Avec des images et une bande-son — puisque préparer la playlist est effectivement la manière la plus simple quand on accueille du monde chez soi de souhaiter la bienvenue — depuis Lady Gaga évoquant le Music Hall jusqu’à l’incroyable scène de la Tour Eiffel où Céline Dion entonne l’Hymne à l’amour, on joue donc constamment des contrastes entre la singularité parisienne et l’universalité. Le tableau « Festivité » en particulier est d’une certaine manière la célébration de la scène parisienne où la musique, la gastronomie et la mode sont ouvertes au monde — et alors, la grande tablée du Banquet se transforme en catwalk.

Puis, on s’était dit qu’il s’agissait là aussi de faire rimer pop culture et répertoires.

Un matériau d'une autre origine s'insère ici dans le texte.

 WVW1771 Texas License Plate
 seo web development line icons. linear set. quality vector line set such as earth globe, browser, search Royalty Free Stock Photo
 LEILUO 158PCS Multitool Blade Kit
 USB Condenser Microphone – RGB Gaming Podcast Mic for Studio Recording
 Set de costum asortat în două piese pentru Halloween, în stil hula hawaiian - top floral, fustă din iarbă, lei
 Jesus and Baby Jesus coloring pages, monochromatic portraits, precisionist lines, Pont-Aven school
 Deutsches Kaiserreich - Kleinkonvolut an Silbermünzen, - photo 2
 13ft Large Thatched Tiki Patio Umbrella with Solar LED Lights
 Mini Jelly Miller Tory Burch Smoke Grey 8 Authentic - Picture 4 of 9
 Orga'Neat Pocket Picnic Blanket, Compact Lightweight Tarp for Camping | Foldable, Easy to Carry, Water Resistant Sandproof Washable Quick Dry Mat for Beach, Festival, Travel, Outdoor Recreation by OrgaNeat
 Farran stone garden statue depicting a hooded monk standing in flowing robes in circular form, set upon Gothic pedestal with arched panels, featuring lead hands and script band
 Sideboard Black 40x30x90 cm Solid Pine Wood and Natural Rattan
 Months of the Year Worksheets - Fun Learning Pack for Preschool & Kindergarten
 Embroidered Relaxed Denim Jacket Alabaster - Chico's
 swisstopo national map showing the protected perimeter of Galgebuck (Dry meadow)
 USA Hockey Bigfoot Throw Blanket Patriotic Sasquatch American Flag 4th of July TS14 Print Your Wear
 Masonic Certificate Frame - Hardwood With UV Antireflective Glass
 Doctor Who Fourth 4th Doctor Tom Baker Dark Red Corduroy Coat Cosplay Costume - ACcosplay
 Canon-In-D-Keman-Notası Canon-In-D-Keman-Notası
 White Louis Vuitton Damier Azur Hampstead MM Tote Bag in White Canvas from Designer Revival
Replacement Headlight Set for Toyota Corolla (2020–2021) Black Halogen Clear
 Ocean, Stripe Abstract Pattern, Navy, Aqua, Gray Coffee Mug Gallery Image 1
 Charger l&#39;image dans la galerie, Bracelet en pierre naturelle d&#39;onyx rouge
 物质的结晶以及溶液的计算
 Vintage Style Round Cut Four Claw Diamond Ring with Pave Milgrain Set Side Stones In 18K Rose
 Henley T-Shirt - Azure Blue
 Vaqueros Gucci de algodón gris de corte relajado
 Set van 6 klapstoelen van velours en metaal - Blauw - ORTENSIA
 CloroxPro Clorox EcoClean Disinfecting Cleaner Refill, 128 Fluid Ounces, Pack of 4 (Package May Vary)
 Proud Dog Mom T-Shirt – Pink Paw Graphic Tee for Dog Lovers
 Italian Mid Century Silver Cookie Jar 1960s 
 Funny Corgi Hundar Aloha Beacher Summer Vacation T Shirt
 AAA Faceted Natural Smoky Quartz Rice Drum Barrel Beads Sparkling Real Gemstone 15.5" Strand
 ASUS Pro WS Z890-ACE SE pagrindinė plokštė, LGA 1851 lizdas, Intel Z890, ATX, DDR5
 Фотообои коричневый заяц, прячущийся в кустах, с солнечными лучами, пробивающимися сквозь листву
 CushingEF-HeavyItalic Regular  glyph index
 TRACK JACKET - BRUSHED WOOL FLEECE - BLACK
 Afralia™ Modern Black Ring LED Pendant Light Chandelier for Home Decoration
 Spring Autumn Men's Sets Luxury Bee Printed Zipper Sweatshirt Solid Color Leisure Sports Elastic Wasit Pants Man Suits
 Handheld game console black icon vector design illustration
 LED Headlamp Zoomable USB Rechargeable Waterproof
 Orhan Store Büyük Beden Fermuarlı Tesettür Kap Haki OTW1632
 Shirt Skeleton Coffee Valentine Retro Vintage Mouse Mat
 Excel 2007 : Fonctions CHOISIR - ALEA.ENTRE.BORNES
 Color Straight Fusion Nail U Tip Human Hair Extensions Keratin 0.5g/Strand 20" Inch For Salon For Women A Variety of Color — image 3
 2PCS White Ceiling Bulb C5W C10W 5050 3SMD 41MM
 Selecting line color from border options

C’est le cas aussi de la scène à la Conciergerie où résonne le « ça ira ». On y entend à la fois le groupe de metal Gojira et la chanteuse d’art lyrique Marina Viotti, qui elle-même est habituée à travailler avec du métal. Nous ne fusionnons pas, nous montrons simplement que la société est déjà ainsi, en fusion. La pop culture, ce n’est pas seulement la musique mais aussi les jeux vidéo comme Assassin’s Creed, les Minions. Nous avions évidemment un cahier des charges auquel nous avons cherché à répondre de manière festive, et surtout pas illustrative  : l’économie des savoir-faire français, la couture, le bon vin, la French Tech. Tout l’art de Thomas Jolly et de ses équipes consiste à métaboliser artistiquement ces exigences propres à la cérémonie — y compris celles du protocole.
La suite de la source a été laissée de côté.